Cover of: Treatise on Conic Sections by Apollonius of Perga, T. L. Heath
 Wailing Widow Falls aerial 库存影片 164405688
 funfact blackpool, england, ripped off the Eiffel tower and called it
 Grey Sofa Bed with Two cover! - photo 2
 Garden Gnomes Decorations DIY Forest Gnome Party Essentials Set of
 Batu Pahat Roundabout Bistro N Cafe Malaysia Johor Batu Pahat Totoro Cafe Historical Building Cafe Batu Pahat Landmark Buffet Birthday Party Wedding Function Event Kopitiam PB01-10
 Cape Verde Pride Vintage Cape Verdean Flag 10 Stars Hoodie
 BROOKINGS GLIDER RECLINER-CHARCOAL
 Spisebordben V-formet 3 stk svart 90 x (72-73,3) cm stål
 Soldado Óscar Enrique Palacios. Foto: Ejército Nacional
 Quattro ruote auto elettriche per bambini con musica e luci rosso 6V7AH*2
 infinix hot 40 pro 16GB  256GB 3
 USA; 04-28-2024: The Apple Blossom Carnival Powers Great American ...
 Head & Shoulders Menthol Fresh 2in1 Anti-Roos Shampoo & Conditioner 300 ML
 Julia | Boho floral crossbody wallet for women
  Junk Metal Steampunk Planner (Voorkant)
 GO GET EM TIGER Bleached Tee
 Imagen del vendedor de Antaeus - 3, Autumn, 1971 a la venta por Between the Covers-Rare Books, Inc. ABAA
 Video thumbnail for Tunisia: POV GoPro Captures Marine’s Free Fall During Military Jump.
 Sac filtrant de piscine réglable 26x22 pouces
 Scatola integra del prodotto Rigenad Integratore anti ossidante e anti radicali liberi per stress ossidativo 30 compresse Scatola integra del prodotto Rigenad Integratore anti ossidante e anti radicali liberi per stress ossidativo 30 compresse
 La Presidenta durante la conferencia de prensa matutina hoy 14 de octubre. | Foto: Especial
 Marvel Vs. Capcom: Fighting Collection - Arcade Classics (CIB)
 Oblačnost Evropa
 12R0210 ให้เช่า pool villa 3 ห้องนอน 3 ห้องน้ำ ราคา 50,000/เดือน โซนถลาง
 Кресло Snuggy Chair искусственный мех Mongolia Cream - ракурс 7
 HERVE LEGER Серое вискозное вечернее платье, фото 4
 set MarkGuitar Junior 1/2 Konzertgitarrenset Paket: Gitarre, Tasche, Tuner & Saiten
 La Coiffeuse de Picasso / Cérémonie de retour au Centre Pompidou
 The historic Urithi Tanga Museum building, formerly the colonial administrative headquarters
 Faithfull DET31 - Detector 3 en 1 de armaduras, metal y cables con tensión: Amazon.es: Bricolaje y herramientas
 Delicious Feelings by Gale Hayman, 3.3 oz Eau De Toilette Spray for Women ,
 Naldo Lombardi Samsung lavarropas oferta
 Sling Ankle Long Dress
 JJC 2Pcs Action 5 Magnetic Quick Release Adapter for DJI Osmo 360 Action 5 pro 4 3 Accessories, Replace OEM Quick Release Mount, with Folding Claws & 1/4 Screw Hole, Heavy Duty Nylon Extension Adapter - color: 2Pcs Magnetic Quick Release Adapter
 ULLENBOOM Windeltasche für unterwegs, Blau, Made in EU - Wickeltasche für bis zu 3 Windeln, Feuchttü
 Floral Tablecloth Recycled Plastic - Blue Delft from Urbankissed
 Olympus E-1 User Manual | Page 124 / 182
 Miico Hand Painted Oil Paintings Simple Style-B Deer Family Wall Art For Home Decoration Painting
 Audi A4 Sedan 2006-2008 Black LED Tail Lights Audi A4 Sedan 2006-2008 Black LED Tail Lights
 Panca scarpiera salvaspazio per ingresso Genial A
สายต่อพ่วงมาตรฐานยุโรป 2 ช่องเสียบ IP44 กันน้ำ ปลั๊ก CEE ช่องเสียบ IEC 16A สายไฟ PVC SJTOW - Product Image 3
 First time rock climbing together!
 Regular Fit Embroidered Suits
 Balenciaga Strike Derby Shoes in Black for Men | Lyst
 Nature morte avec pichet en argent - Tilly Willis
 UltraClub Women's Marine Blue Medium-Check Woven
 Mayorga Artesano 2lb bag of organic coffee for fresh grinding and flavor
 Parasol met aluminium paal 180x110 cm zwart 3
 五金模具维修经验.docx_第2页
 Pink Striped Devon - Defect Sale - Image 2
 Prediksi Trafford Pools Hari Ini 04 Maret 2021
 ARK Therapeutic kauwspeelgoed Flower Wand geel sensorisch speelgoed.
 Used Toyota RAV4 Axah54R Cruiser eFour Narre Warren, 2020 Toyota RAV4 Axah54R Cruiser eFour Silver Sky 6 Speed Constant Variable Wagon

◇ ◇ ◇

Repeat, word for word, the lines from the start of the records to the line that contains "Cape Verde Pride", both of them included, and no others.

Cover of: Treatise on Conic Sections by Apollonius of Perga, T. L. Heath
 Wailing Widow Falls aerial 库存影片 164405688
 funfact blackpool, england, ripped off the Eiffel tower and called it
 Grey Sofa Bed with Two cover! - photo 2
 Garden Gnomes Decorations DIY Forest Gnome Party Essentials Set of
 Batu Pahat Roundabout Bistro N Cafe Malaysia Johor Batu Pahat Totoro Cafe Historical Building Cafe Batu Pahat Landmark Buffet Birthday Party Wedding Function Event Kopitiam PB01-10
 Cape Verde Pride Vintage Cape Verdean Flag 10 Stars Hoodie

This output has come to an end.